ILLUSTRATION: MOUNTAIN PEOPLE
Overall, Hispanics continued to grow faster than any other group, surpassing 15 percent of the nation’s population last year for the first time, the Census Bureau said.
From 2006 to last year, the US Census Bureau said, the Hispanic population grew by 3.3 percent, compared with 2.9 percent for Asians, 1.3 percent for blacks and 0.3 percent for non-Hispanic whites.
But since the decade began, the number of Asians increased even faster than Hispanics in 14 states, generally those with large Hispanic populations, including Connecticut, New Jersey and New York.
EVOLVING PROFILE
Ethnic minorities now account for more than one in three Americans.
The latest estimates dramatize the breadth of the nation’s growing diversity, even as nearly one-third of the people whom the census classifies as members of those minorities live in California and Texas. (Texas has overtaken California as the biggest gainer of Hispanic residents.)
Those estimates also concur with projections that minorities will constitute a majority of the nation’s population by 2050.
America’s evolving profile signifies potentially profound changes in the electorate, both in the ranks of ethnic minorities of voting age (since 2000, the white share dropped by 7 percentage points in Nevada and 5 points in California) and also in wide disparities in where people are growing older.
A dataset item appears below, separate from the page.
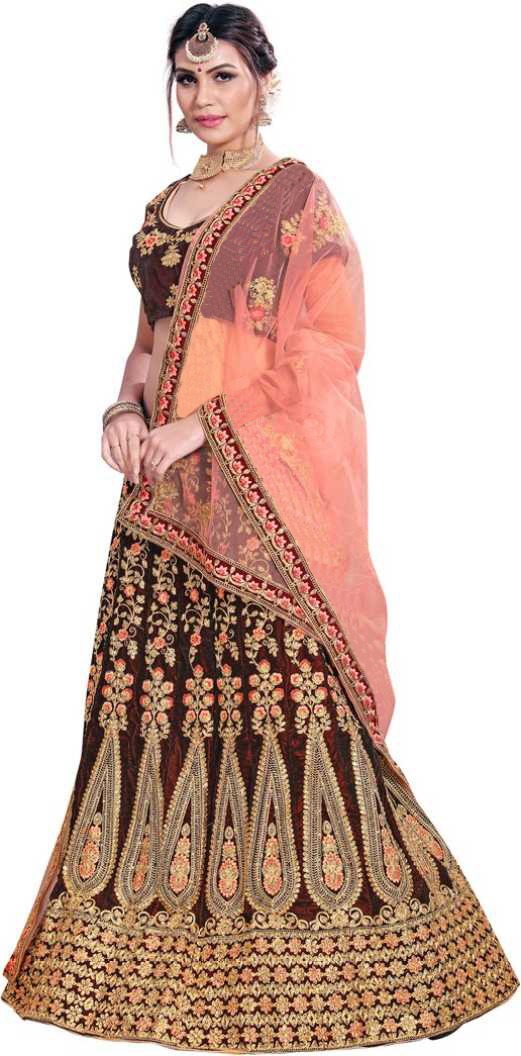 Best Wedding & Party Wear  Royal Maroon silk heavy embroidery  Lehenga with Pink  Dupatta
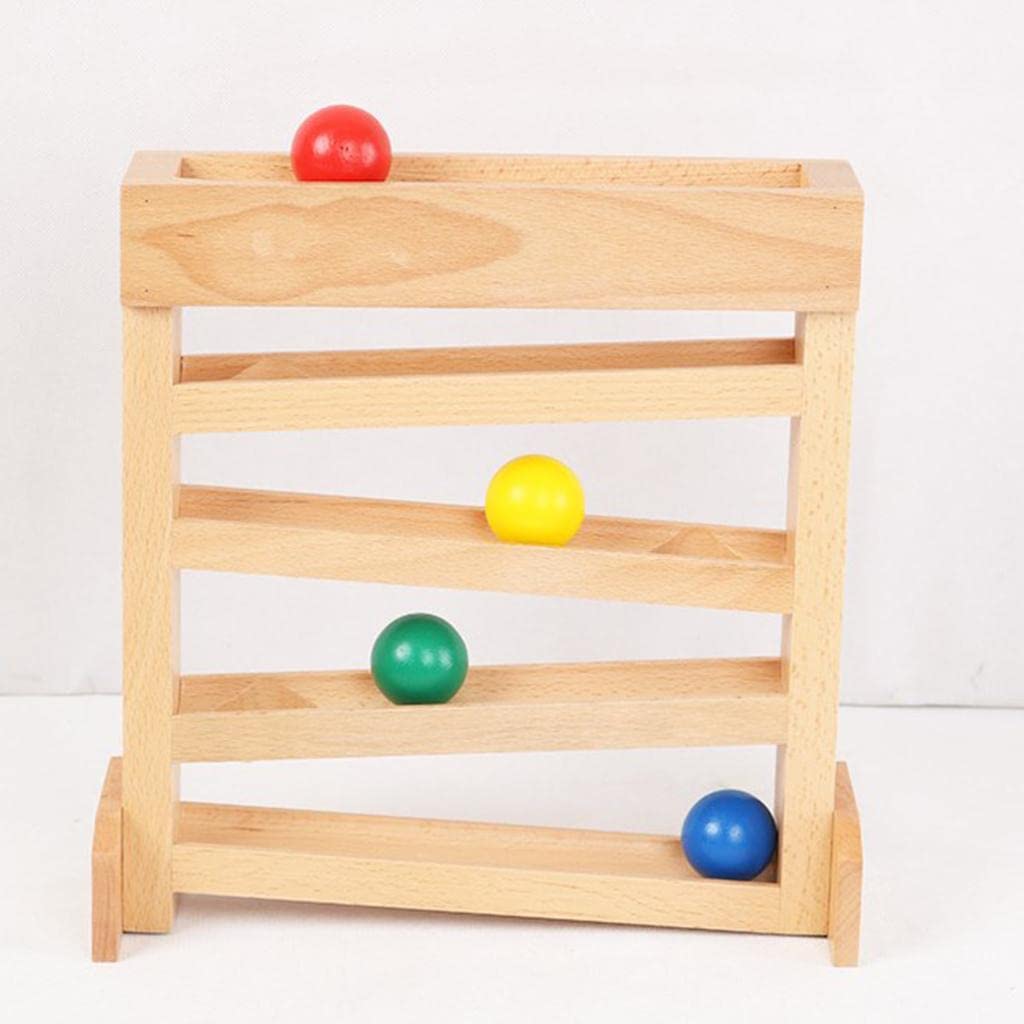 Montessori Wooden Ball Racer Ramp Track Set - Educational Toys for Toddlers Age 2+ | STEM Learning Toy for Boys & Girls | Perfect Birthday Gift for Kids | Indoor Play & Early Childhood Development Activity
From July 1, 2006, to July 1 last year, the proportion of Americans 65 and older increased to 13 percent, from 12 percent.
At the other end of the age spectrum, as a result of migration and immigration to places with more plentiful employment and housing, the number of children up to 15 years old declined in 31 states since 2000 — led by New York, which lost 326,000. Their ranks shrank by more than 10 percent in Louisiana, North Dakota and Vermont.
“While all parts of America are aging, we are experiencing a selective ‘younging’ in this country, which will affect everything from schools and labor-force needs to political agendas in the near term,” said William Frey, a demographer with the Brookings Institution.
HISPANIC INFLUENCE
In Arizona and Nevada, the influx and birth of Hispanics has helped increase the total number of children by more than 20 percent since the decade began.
In the same period, the share of white non-Hispanic children in Nevada declined to 44 percent, from nearly 54 percent, the most of any state.
The growth of both Hispanics and Asian-Americans was fueled by immigration and higher fertility. While about 15 percent more births than deaths were recorded among whites since 2000, more than eight times as many Hispanics, four times as many Asians and twice as many blacks were born than died.
SOUTHERN MIGRATION
New York, which ranked fourth among the highest gainers of blacks in the 1990s, has now recorded three successive years of black population losses. Similar losses were registered in Michigan, another magnet for blacks during the Great Migration in the 20th century.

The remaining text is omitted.